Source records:
-.-.-

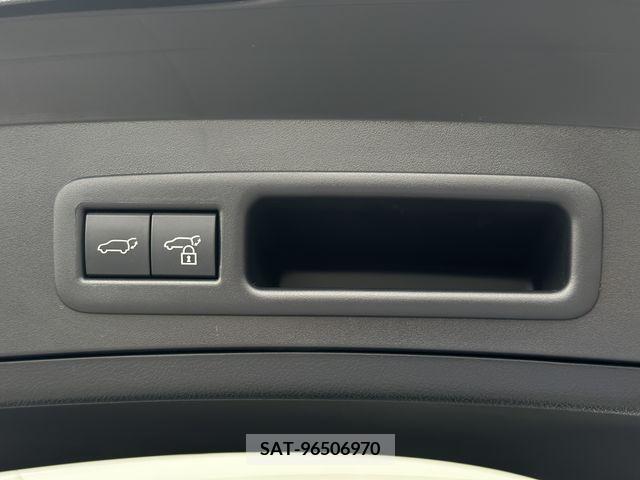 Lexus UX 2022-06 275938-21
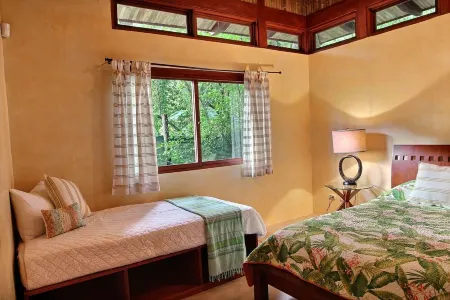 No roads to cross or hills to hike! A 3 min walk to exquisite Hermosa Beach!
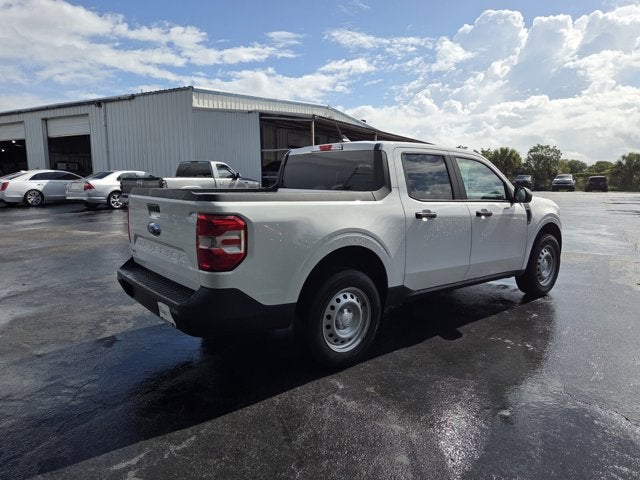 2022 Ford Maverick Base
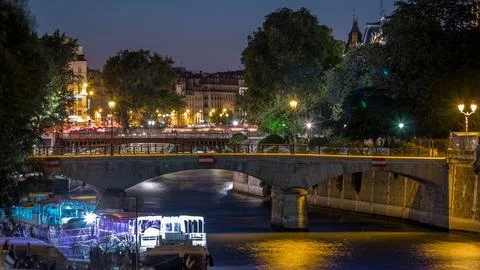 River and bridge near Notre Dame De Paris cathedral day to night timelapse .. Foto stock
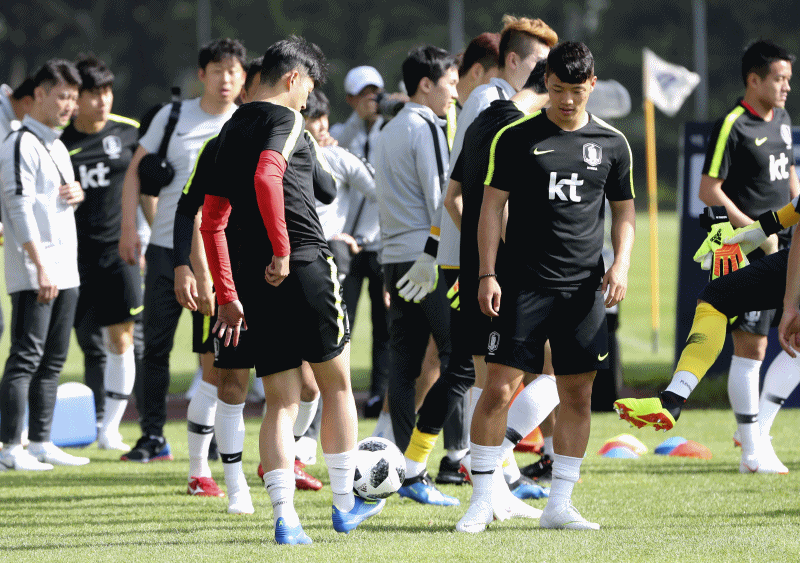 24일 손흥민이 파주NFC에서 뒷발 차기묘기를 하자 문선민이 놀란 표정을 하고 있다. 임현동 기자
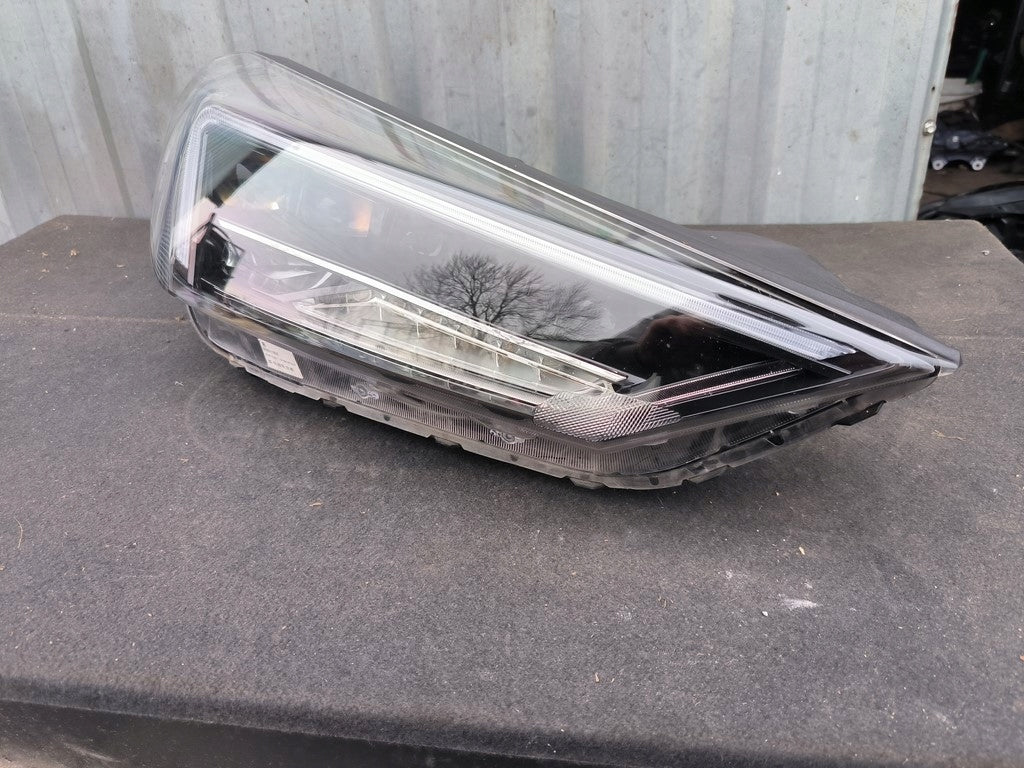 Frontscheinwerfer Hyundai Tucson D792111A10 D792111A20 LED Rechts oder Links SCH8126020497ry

-.-.-

▶ [Task objective]
Return the records above exactly as written. Do not include their images.

▶ [Answer space]
 Lexus UX 2022-06 275938-21
 No roads to cross or hills to hike! A 3 min walk to exquisite Hermosa Beach!
 2022 Ford Maverick Base
 River and bridge near Notre Dame De Paris cathedral day to night timelapse .. Foto stock
 24일 손흥민이 파주NFC에서 뒷발 차기묘기를 하자 문선민이 놀란 표정을 하고 있다. 임현동 기자
 Frontscheinwerfer Hyundai Tucson D792111A10 D792111A20 LED Rechts oder Links SCH8126020497ry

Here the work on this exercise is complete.